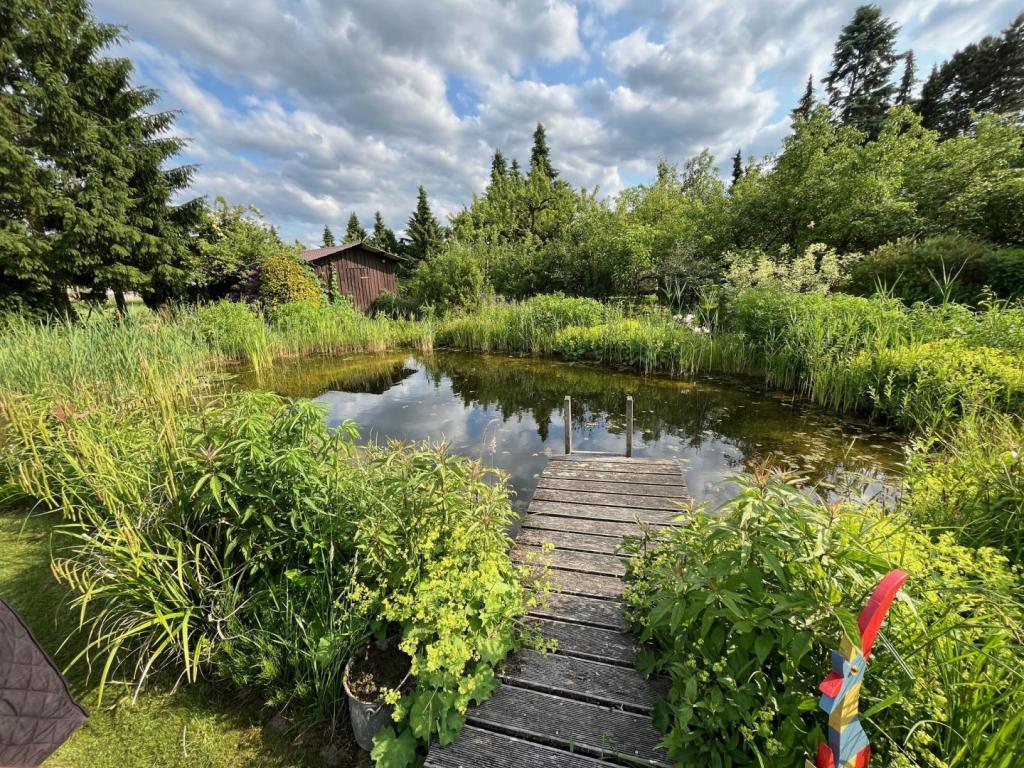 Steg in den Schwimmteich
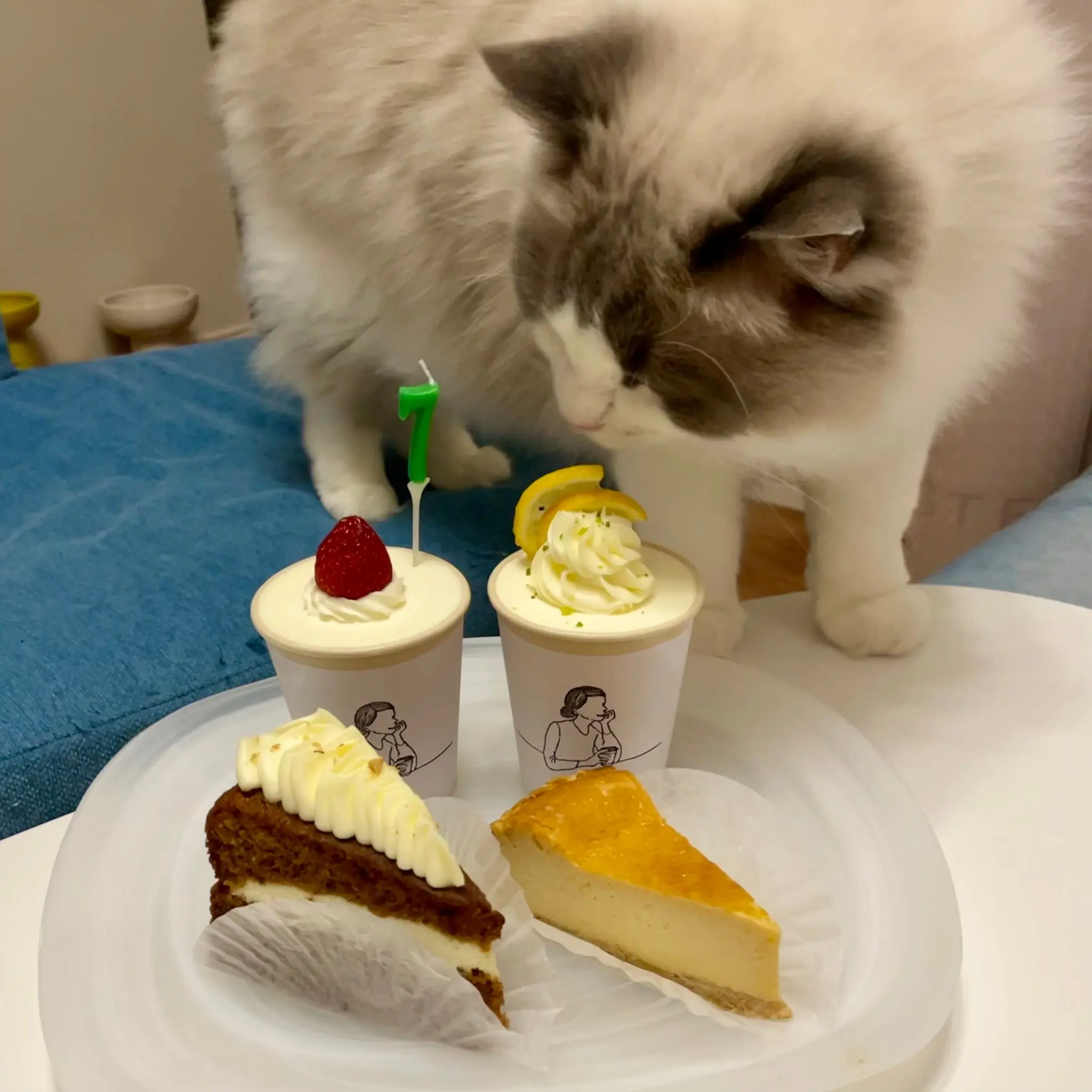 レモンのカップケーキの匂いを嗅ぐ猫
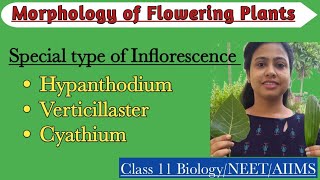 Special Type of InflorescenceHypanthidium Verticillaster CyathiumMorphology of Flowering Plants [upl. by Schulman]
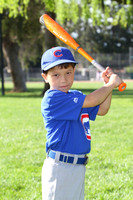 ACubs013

***

Where a line contains "Special Type of", begin there and set down exactly each line through the end of the data above, omitting any pictures.

OUTPUT FOR THIS EXERCISE:
 Special Type of InflorescenceHypanthidium Verticillaster CyathiumMorphology of Flowering Plants [upl. by Schulman]
 ACubs013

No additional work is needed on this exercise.